Prof. Joel Otto, reacted to the essay by highlighting, “Gospel-centered preaching has pastoral implications, as you noted by pointing out that preaching a sermon is akin to a public counseling session. Christ’s preaching brought comfort to poor sinners because he proclaimed the gospel. Our preaching does no less.”
An Evaluation of Modern Evangelical Preaching
Presenting the second paper, Andrew Bauer, class of 1989, traced the history of some famous American Evangelical preachers and their emphases and style. “For people whose activity of ‘preaching’ is so closely bound up with who we are, namely ‘preachers,’ it is a given that we will be interested in our craft, interested about hearing preaching in our circles and other circles, interested in learning what others have done, giving thanks for the good while marking the bad,” he shared.
Pastor Bauer, who serves New Life, Lake Zurich, Ill., and wrote A Lutheran Looks at… Mega Churches encouraged the preachers to remember the listeners: “If style and method of delivery are changing, then our love for souls entrusted to our care will cause us to learn about those methods, utilize what is good, and leave the rest. Our goal will be to have them love preaching as much as we do, because in preaching Christ as Savior is proclaimed.”
Professor Paul Zell, reacted positively to the paper. “Pastor Bauer asked us, ‘Can the preachers in this room learn a new thing or two by watching the example of others’ My own answer: Absolutely they can. But learning ‘a new thing or two’ comes not just from watching Evangelicals,” he wrote. “Sitting in this room are hundreds of men who for years and years have been devoted to preaching the good news. . . . So when you find a brother who confesses the faith as you do and preaches in a way you appreciate, what’s keeping you from devoting an occasional twenty minutes to watching his sermons?”
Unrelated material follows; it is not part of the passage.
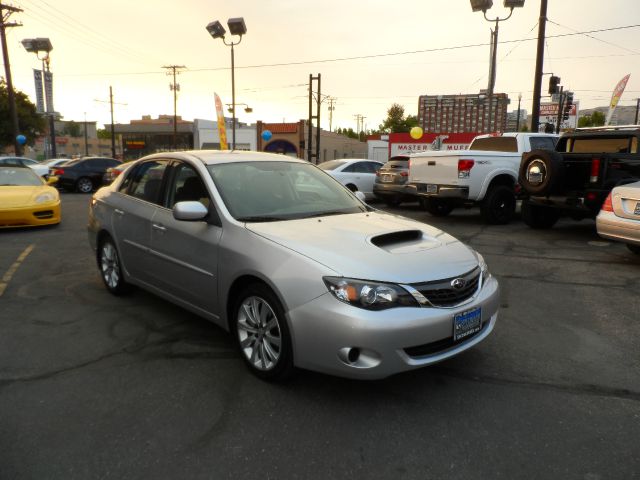 Subaru Impreza 2008 photo 2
A Paradigm for 21st Century Lutheran Preachers
For the final presentation of the Symposium, Pastor Phillip Sievert, class of 1993, looked at today’s culture and how it affects both the preacher and the listener. “Twenty centuries after Peter proclaimed the Gospel on the streets of Jerusalem and Paul preached on the streets of Athens, the world we live in and the people to whom we preach, are becoming more and more influenced by a post-Christian landscape,” he says. “In a way, we are moving from an Acts 2 cultural context to an Acts 17 setting; from a world shaped by Christianity to a world that is pushing Christianity farther and farther into the background. As Lutheran preachers, we will want to gain insight in how to speak with such an ever-changing culture in a way that communicates as clearly as possible God’s unchanging truth and the Gospel of our Lord and Savior.”
To help gain these insights, Pastor Sievert, who serves Lord of Life, Thornton, Colo., shared that the post-modern 21st century culture is skeptical, secular, and storied. “Think of the Apostle in Athens. There he gave us an example of how to engage our ever-changing culture in a way that never compromises the never-changing gospel in biblically-faithful preaching.”
There is a paradigm for Lutheran preaching. As we preach Christ with a sense of our own weakness, we preach knowing God’s Word is truth and that Word is powerful.
Professor Richard Gurgel wrote the reaction paper. He commented, “While providing many wonderful suggestions to ponder, you respected your brothers’ ability to wrestle with the issues and suggestions you raised without supplying a rigid structure for lock step formation preaching.”